I was not big wild at heart but I loved the pilot twin peaks and most of the first series. I admired but didn’t always love his work, even after that, even on his early ’90s TV show. In the airuntil I saw something surprising Mulholland Street At a press screening in Cannes in 2001, my friend Shari got into a seat fight with a crazy journalist. The passengers took his pass and ushered him out, but by then the room was full, so they brought out a couple of chairs, which I had never seen before, and we sat in the back. Every time Naomi Watts and Laura Harring quietly said Mulholland Drive, Shari would nudge me and whisper, “It sounds like they’re saying Oxford Street.” Almost 25 years later, it has not lost its potency as a hallucinogenic Hollywood noir film. Sunset Boulevard for the 21st century.

Next movie, crazy inner empire– “complementary piece” Mulholland StreetI preferred that to what I described as the ‘evil twin,'” he said, “It seemed like ages, but looking back, it was only five years. When Laura Dern was on the verge of a nervous breakdown as an actress, she arrived with a new kind of freedom and energy; Lynch was and is not inspired by the digital revolution completely versus home theater if it’s good enough. “I think the best thing is the overall experience in a big darkroom,” he said. “Great image, great sound. A cough at the right time or at the wrong time, a spilled bag of popcorn, someone walking in front of the screen, those things break it and it’s a nightmare, so it’s the last thing: the big room. But now you can have a big screen and great sound in your house, you can turn off the lights, get all your stuff ready, look at it and enter that world.

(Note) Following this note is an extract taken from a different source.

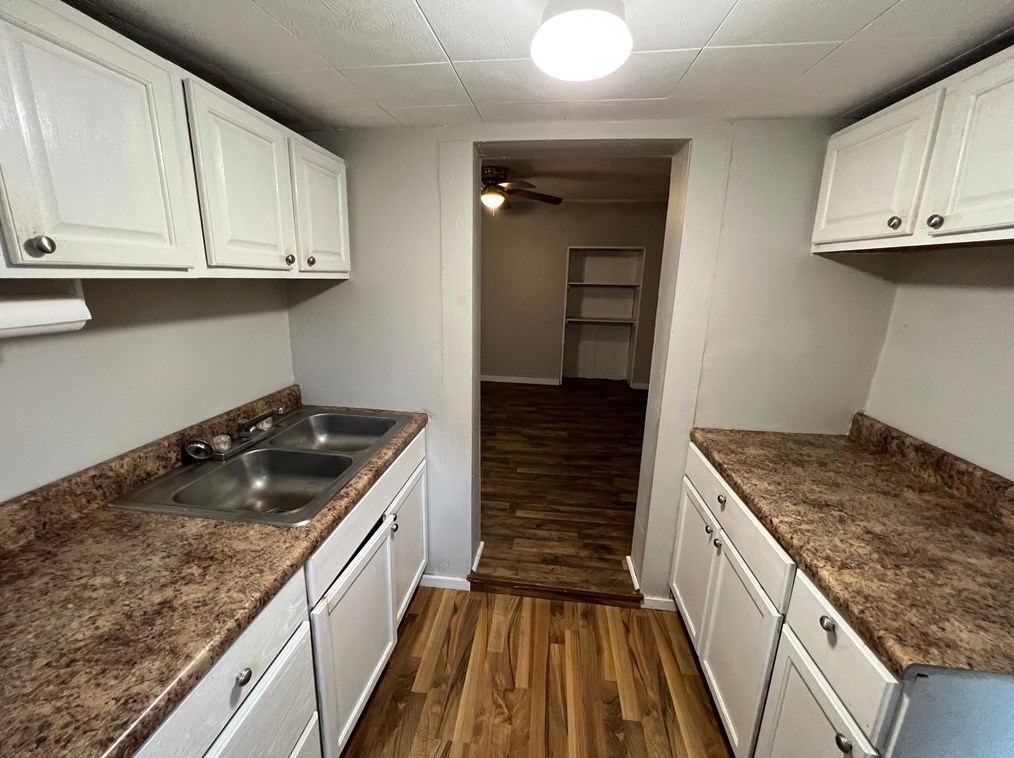 283 Portersville Rd, Ellwood City, PA 16117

This may explain why Lynch put so much effort into an unusual job. Twin peaks: the returnan astonishing spectacle that its moviegoers have come to support as an 18-hour movie. People often talk about Lynch’s work in terms of its influence: the lengths to which he is willing to go and the contrasting strangeness of his images. However, it was a demonstration of his creativity. atmosphere: moods that no one has found words to describe even now.

In fact, despite all the eccentricities of his film…blue velvetWhatever Frank Booth the Amazing The lost trunkthe chilling Mysterious Man, or wild at heartA sailor practicing kung fu in a snakeskin jacket… Lynch wasn’t trying to be controversial. In fact, the opposite occurs; as he demonstrated in 1999 with his family success true storyin which an 80 year old man travels 240 miles to see his brother in a John Deere tractor going 5 mph.

“What people say about my films is that they are experimental,” he said. “I will say true story It was my most experimental. When I read a script that I didn’t write, I read it and I felt these things and I thought, “Wow, that’s a beautiful feeling. How do you get that feeling in movie theaters? “Because many times you see people crying on the screen, but you don’t want to cry. When you have something that makes you feel real, that’s the power of cinema.